Beginning with the notion that culture is a necessary evil, David Pollack argues that since the self (already a culturally determined option) emerges through a process of inclusion and exclusion, the study of other cultures is never innocent. This is not a new idea. However, Pollack frames the issue in way that actually opens up new possibilities for the present discourse on culture. To read against culture is to be able to stand "simultaneously inside and outside" of one's own and that of the Other. This requires us "to accept and simultaneously to resist culture's distinctive maneuver of including the one always at the price of excluding the other."
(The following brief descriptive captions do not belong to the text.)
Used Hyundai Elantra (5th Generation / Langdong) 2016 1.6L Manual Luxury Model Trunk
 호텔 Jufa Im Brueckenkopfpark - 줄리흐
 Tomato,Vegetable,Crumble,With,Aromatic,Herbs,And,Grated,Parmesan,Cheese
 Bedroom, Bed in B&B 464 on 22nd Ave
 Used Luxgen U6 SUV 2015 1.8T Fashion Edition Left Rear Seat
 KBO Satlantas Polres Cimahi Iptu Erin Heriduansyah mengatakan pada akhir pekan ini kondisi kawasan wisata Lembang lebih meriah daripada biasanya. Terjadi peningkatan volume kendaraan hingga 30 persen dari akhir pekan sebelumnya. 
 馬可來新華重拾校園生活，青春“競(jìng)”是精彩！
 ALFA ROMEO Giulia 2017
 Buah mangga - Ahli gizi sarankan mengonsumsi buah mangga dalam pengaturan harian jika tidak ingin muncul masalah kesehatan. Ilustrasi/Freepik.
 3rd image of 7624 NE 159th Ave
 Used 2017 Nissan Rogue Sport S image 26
This is a call to hold all human possibilities in one's mind at the same time. As the author admits, it is not an easy task. But it is worth a try, since this state is the very balm of cultural relativity, a notion that Pollack would accept as a truism. How else could we know culture if not in a relative sense? Holding to this higher, rigorously imaginative standard, Pollack finds Roland Barthes's understanding of Japan too clear in its motivation to find a not-France. And for similar reasons, he must read Edward Said's brand of orientalism as "pathetic" in a literal sense, that is, engendering pity rather than understanding. True understanding is "dialectical free play." It is our embrace of "heterogeneity" or "living generously with all but homicidal difference." The end of cultural reading is, then, accepting everything but murder, a statement that stops just short of the absurd since the author is, after all, giving us tools for taking ideas apart rather than for putting a society together.
Such a liberal understanding is foe to exoticism and, on the other hand, any theory of reading that claims to be culturally neutral. We can have French semiotics and Japanese semiotics, for instance, but no semiotics that is untainted by culture. Essences matter, then, because essences are a reality through which we learn something more complicated. Willing to show his own cultural colors, Pollack goes on to situate a number of prominent Japanese novelists in their cultural complexity: Natsume Sōseki and Tanizaki Jun'ichirō as they reflect upon the problem of the modern self; Kawabata Yasunari and Abe Kōbō as they illuminate the hegemonic force of ideology; Yukio Mishima and his nativist critique of the novelistic form; and Ōe Kenzaburō and Kaikō Takeshi as they deal with the restrictive nature of culture. (Against established custom, Pollack gives all Japanese names except two—Natsume Sōseki and Mori Ōgai—in English word order.) The readings are engaging. Moreover, they are faithful to the spirit of standing on all sides at once.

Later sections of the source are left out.